Primavera Árabe, Occupy Wall Street, Jornadas de Junho… Poemas sobre as praças do século XXI – e aqueles que desejam esmagá-las. “A indignação,/ como pedra lançada na água,/ gera ondas”, dizem os versos. Mas a fúria só ganha sentido quando ajuda a criar uma Era da Consciência
1 Era da indignação
do grito, da fúria,
da praça tomada,
do punho cerrado.
E do nada.
contra reis, emires,
ditadores e presidentes,
contra políticos,
contra os bancos,
contra corruptos,
contra a Casta,
contra o Sistema,
contra tudo e contra todos;
por tanta coisa.
2 Primavera Árabe
na Síria, no Líbano, Bahrein…,
clamaram por liberdade,
fizeram a primavera das multidões
enfrentaram bombas e balas
de exércitos e polícias.
Dez anos passados o que sobrou
do que teria sido a primavera da esperança?

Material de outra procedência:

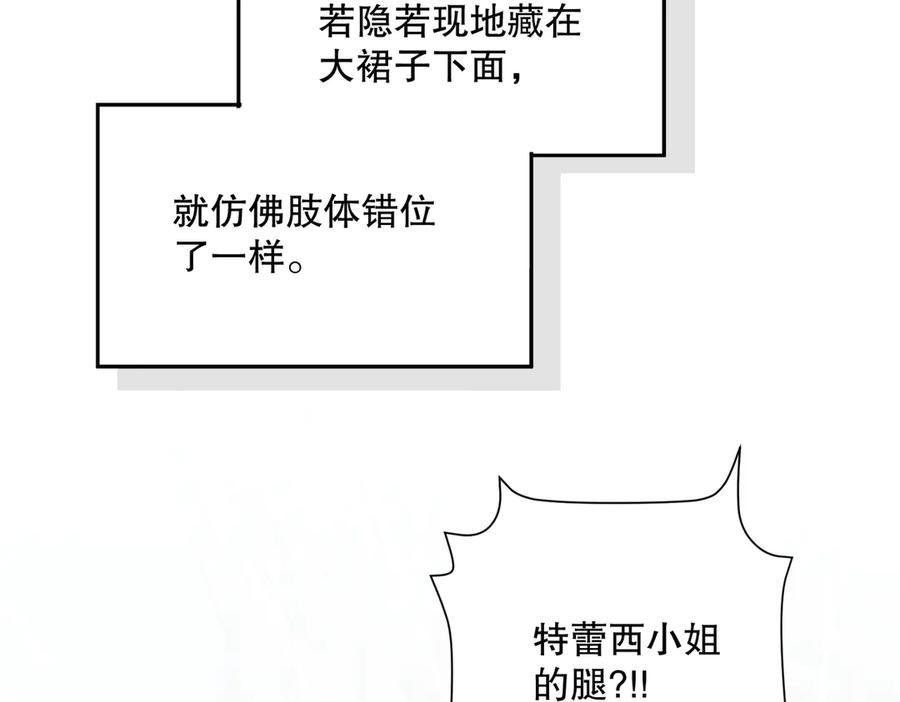 六岁开始成为女王 - 魔法 - 第12张图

Fundamentalismo, sombras da religião,
intolerância, conformismo e medo.
E os irmãos na praça tornaram-se inimigos.
3 Porta do Sol
tendas ergueram-se.
“- Democracia Real Já!”,
por toda Espanha
e Grécia e Europa Mediterrânea,
tantos ergueram-se em indignação.
Parecia que seria dessa vez.
Mas as palavras de democracia real
sem bem saber o sentido
criaram um o rei sem coroa,
sem cetro, sem rosto.
Da indignação ao demagogo vazio
a falar sobre moral,
inventar culpados
(sempre os mais fracos),
desviar atenção…
Dos indignados,
parte deles ao menos,
mãos que ergueram as tendas
passaram a saudar o braço em riste.
4 No coração da fera
Wall Street:
“– Somos os 99%!”
Mas o touro desgovernado
e suas ventas em notas verdes
não caiu;
ao contrário,
um milionário alaranjado
vestiu-se de Messias,
mestre e aprendiz,
fez do povo ressentido e indignado,
base para a autocracia
e espetáculo de intolerância.
Entre muros e deportações,
ódio e mentiras,
tanta infelicidade mais que virá por aí
(já veio, está vindo e virá mais).
5 Pelos cantos do Brasil
“– É tanta coisa que não cabe em um cartaz!”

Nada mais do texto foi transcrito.